| Md. | Jun 28, 1869

Robinson, J.,

delivered the opinion of the Court.

Jonathan Plaine died in the year 1835, having by will disposed of his property as follows:

“ I give and bequeath unto my wife, Lydia Plaine, all my property, both real and personal, that now belongeth or in anywise appertaineth unto me, or that may or shall at any time hereafter belong' unto me, to be wholly hers during her widowhood, out of which property she is to pay all of my legal debts, and at the termination of her widowhood, I give and bequeath unto Martin Diehl, Jacob Saylor, Thomas Ogle and Abraham Wolfe, of Martin, all the property, both real and personal, that my wife shall possess at the termination of her widowhood, to dispose of according to his or their verbal directions, should her widowhood terminate in death; but should her widowhood terminate in marriage, I give and bequeath unto the said Diehl, Saylor, Ogle and "Wolfe, only three-fourths of the property, both real and personal, that shall be pos*163sessed by the said Lydia Plaine at the termination of her widowhood by marriage, and the said three-fourths to be disposed of according to the verbal directions of the said Diehl, Saylor, Ogle and Wolfe, or either of them; and the remaining one-fourth I will and bequeath unto the said Plaine to be wholly hers to make use of as she may see or think proper.”

Lydia Plaine, the widow, lived until 1866, and after death there was found among her papers, carefully put away, an instrument of writing, signed by the testator, Jonathan Plaine, without date, containing directions to the said Diehl, Saylor, Ogle and Wolfe, as to the manner in which he desired them to dispose of the property upon the termination of the widowhood of his wife, either by marriage or death.

On the back of this instrument was found the following endorsement:

“ This paper with the contents is not to go to Court, but to be kept at home in the hands of the executors, or Diehl, Saylor, Ogle or Wolfe.”

The first question to be decided is, whether Diehl, Saylor and others take a beneficial interest in the property under the will, or was it devised to them in trust ? We deem it unnecessary to review the many cases in which this question has arisen upon the construction of wills. It is sufficient to say that no positive rule can be laid down which shall determine in all cases what terms or expressions will carry a beneficial interest, or what will create a trust; Courts, refusing to be governed by arbitrary rules or mere technical phraseology, will look to the whole will in order to ascertain the intention of the testator.

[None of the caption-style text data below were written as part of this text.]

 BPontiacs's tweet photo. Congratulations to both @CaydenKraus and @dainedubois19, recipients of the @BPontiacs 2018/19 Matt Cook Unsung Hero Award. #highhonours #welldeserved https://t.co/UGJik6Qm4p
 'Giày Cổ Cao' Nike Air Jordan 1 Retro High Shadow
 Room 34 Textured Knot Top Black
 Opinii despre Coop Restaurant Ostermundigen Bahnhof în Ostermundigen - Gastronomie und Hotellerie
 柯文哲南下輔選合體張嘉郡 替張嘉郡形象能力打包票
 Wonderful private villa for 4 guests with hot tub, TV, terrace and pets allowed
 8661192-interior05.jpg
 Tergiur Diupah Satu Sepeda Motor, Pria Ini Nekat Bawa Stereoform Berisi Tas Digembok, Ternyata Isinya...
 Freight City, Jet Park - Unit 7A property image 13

The words “ Trust ” or Trustees have, it is true, a defined and technical meaning, and are more generally as well as more properly used, but it is well settled that there is no magic in particular words, and any language *164which satisfactorily indicates an intention to stamp upon the devise the character of a trust will be sufficient.

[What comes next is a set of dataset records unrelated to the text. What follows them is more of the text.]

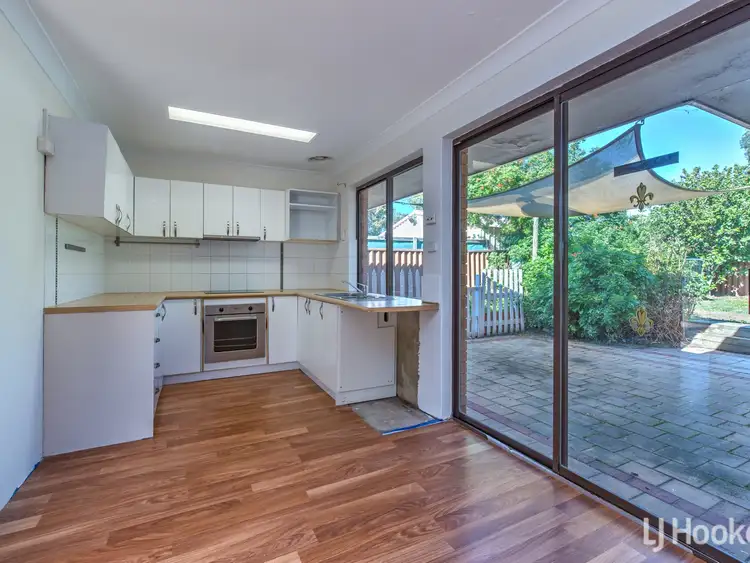 Third view of Homely house listing, 5 Ningaloo Way, Thornlie WA 6108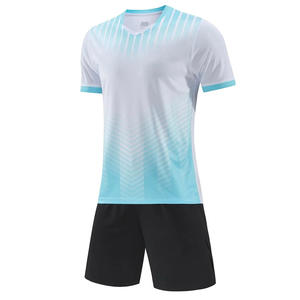 Fabricante de Uniformes de Fútbol Personalizados al por Mayor, Camisetas y Pantalones Cortos Ligeros de Secado Rápido para Equipos, Unisex, Producción al por Mayor para Adultos - Product Image 5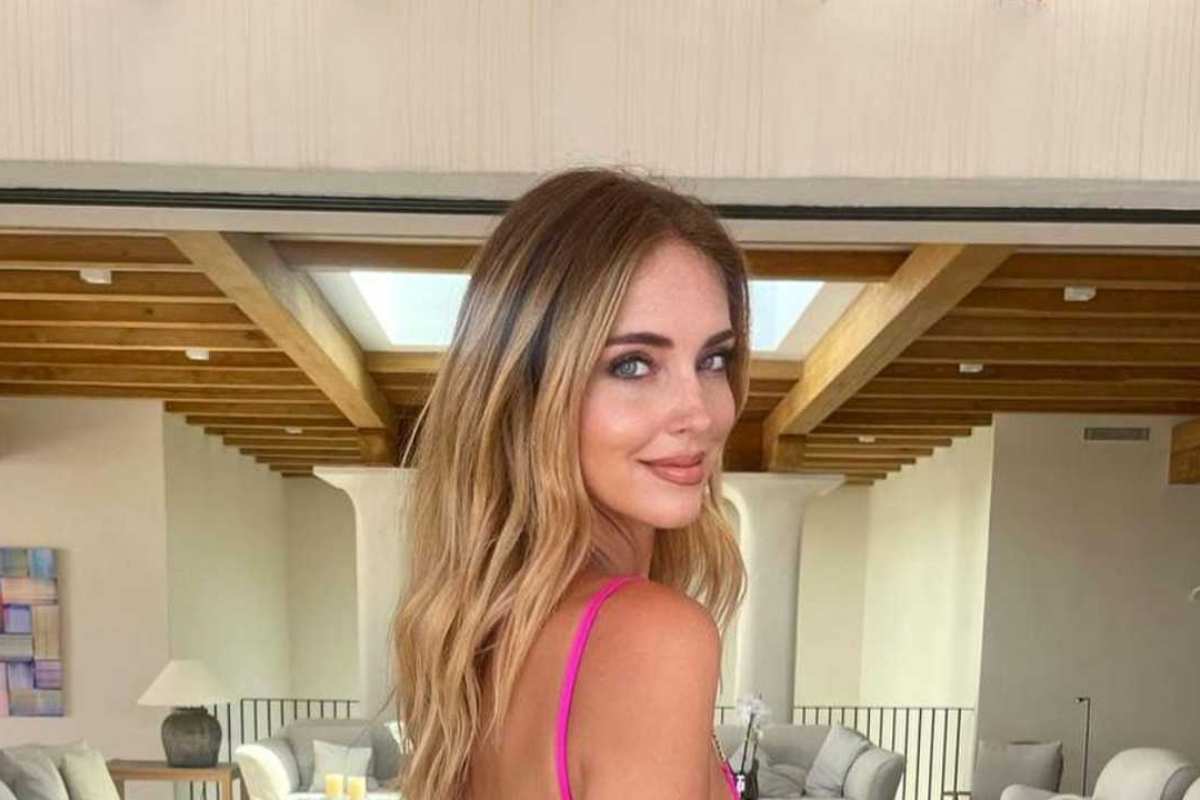 Chiara Ferragni Duomo maglietta ciliege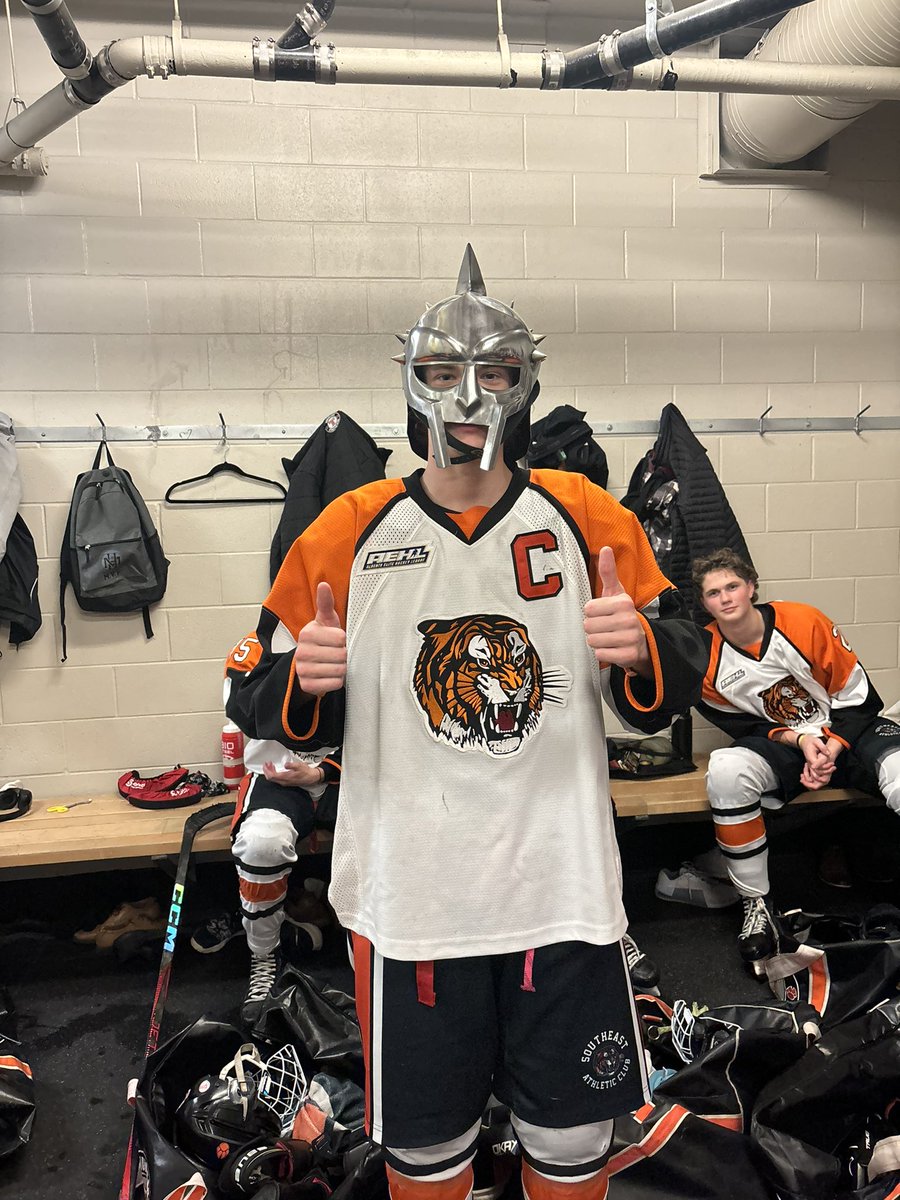 Tigers Sunday win over the Calgary bulls 6-2. Player of the game is captain Treyden Kleinknect. “Kleiner” had  a hat trick with one assist. Tigers back at home vs the Calgary Flames Saturday at 2pm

If the intention be not plainly expressed, or if the language used be ambiguous, there are certain well-established rules which Courts will invoke to aid them in the construction of the instrument.

The heir is always favored in law, and is not to be excluded on mere conjecture. On the contrary, there must be satisfactory evidence of an intention to give a beneficial interest to the devisee, and not merely negative evidence, that no benefit was intended to the heir. “ For,” says Lewin on Trusts, 181, “the trust results to him not so much on the ground of intention, but because the devisor has declared no intention.”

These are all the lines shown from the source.